» What to produce: After finding "Series 148-5 - DC" in the data, write out its line and all following lines without change, up to and including the last one. Leave out pictures.

» Collected data:
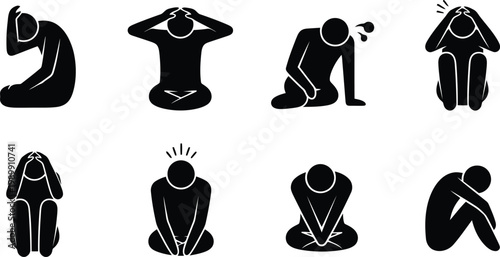 Vector graphic illustration set depicting people suffering from stress, anxiety, and depression.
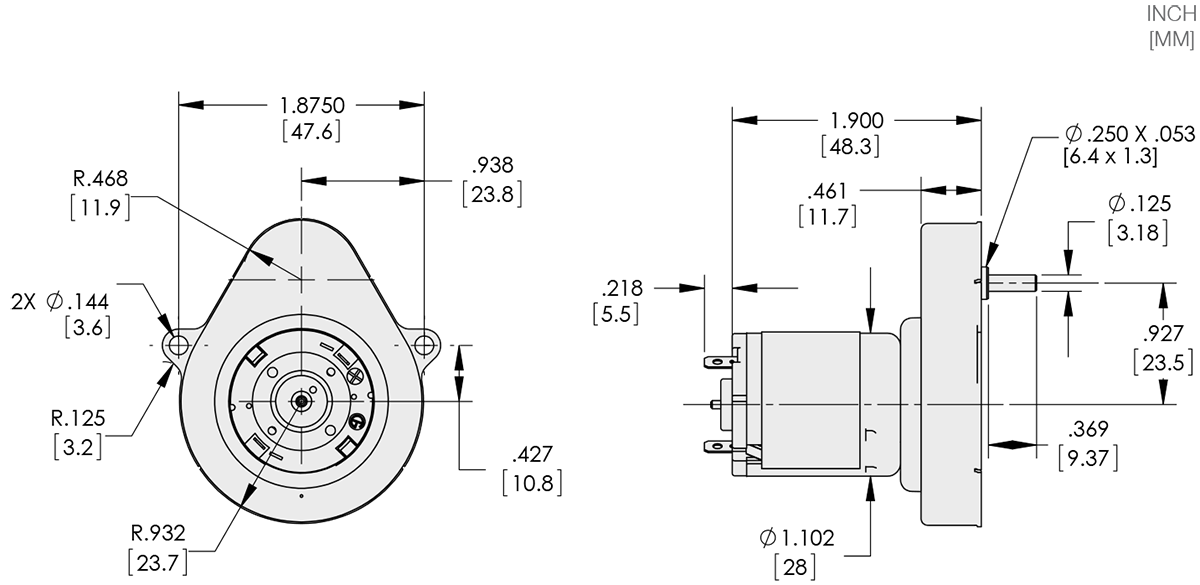 Series 148-5 - DC Gear Motor (C-mount) Technical Drawings
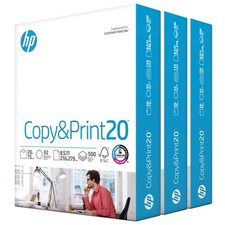 HP Printer Paper Copy Print 20lb. 8.5x11, Letter Paper 92 Bright 3Reams 1500Shts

» Written solution:
 Series 148-5 - DC Gear Motor (C-mount) Technical Drawings
 HP Printer Paper Copy Print 20lb. 8.5x11, Letter Paper 92 Bright 3Reams 1500Shts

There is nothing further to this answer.